Walker always financed his films independently and stood outside of the Anglo-horror fad of the day that was dominated by studios like Hammer and Amicus. For whatever reason, many of the films that he was producing were seen as much more lurid and exploitative material. As a result, Walker’s output has been looked down on by the British cinematic establishment and even the genre press. Walker is however a largely unsung director whose praises I am happy to sing.

The Flesh and Blood Show was Pete Walker’s second venture into genre material. For this reason, the film is not as sophisticated as some of his later ones – nevertheless, Walker learned quickly, making his best film House of Whipcord only two years later. Here he contrives a clumsy whodunnit centred around the group of people rehearsing in a theatre. On a directorial level, the film has a competence but Walker fails to generate much in the way of tension.

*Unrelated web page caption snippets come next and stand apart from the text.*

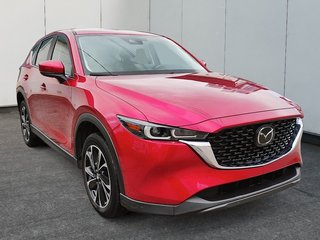 2022 Mazda CX-5 GS | Cam | USB | HtdSeats | Bluetooth | Keyless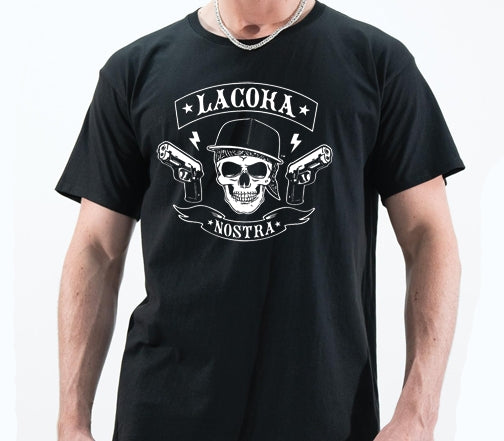La Coka Nostra T Shirt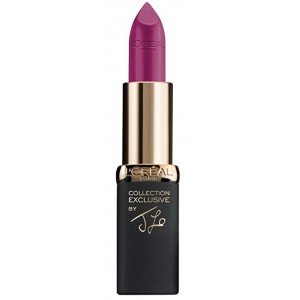 Loreal Color Riche Lipstick J Lo's Delicate Rose CP29 Jlo Pink X 3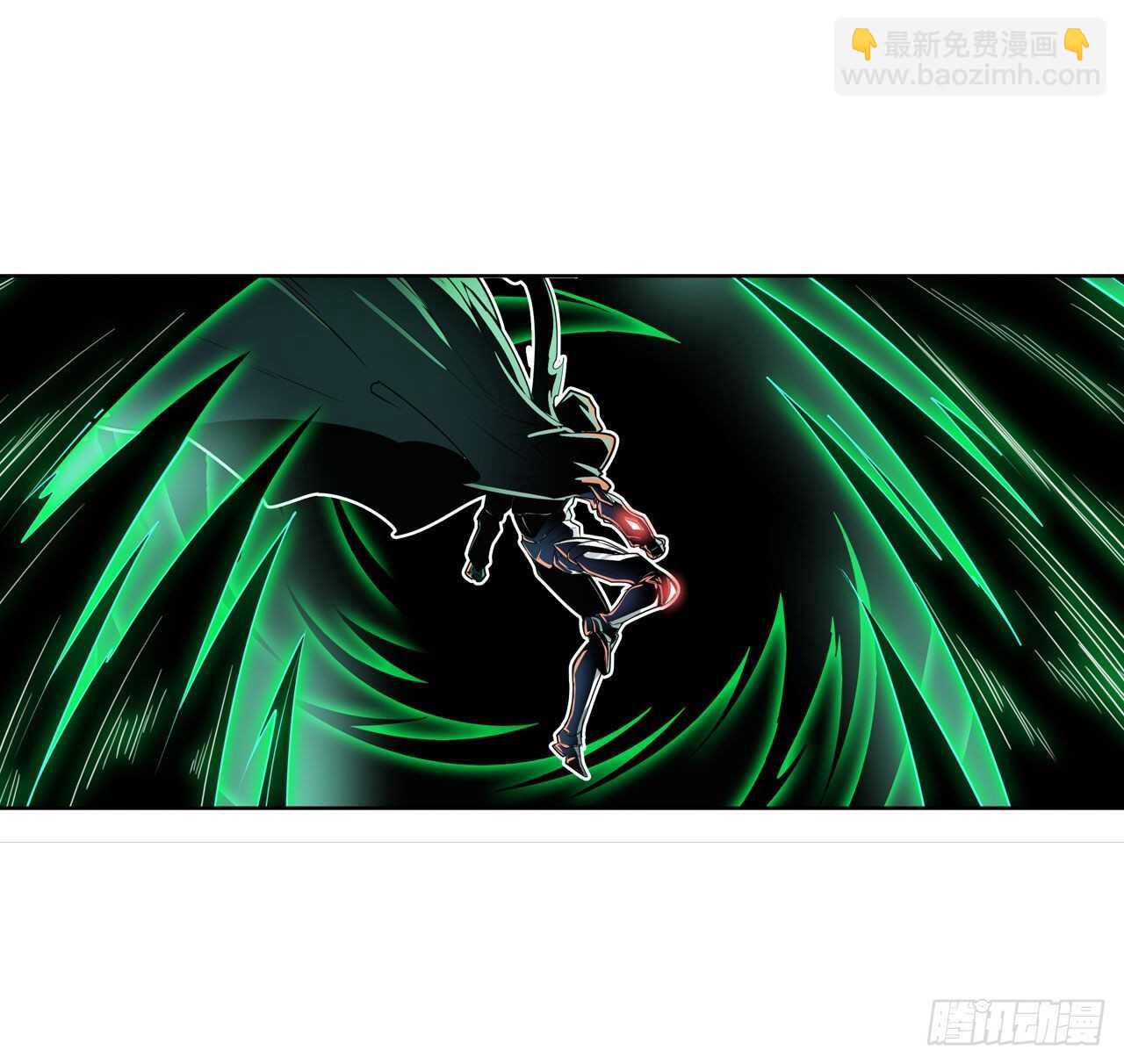 第325话 黑洞吞噬54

Certainly, on the flesh angle, Walker gets his female cast frequently undressed but the blood angle is relatively tame – the number of murders we see is few and Walker has not yet developed the sadism that would permeate his later films.

Luan Peters discovers a murdered David Howey in The Flesh and Blood Show (1972)
Not stinting on either the flesh or the blood angle – Luan Peters discovers a murdered David Howey

Walker has borrowed the killer’s motivation from the Alfred Cukor psycho-thriller A Double Life (1947) – that of a former actor who identifies too closely with the title character in William Shakespeare’s Othello (c1603) and jealously murders his wife. The psychological motivation whereby we go from an actor who snaps at seeing his wife in another man’s arms to essentially a slasher set-up where he is randomly killing a group of youths is exceedingly tenuous. That said, the actor in question barnstorms their way most entertainingly through the climactic revelation. The film also goes out with a nicely chill double twist after the unmasking. During the revelation, we also get another of Pete Walker’s regular themes – that of the conservative old school figure who morally disapproves of the modern youth generation and is determined to punish them for their permissiveness.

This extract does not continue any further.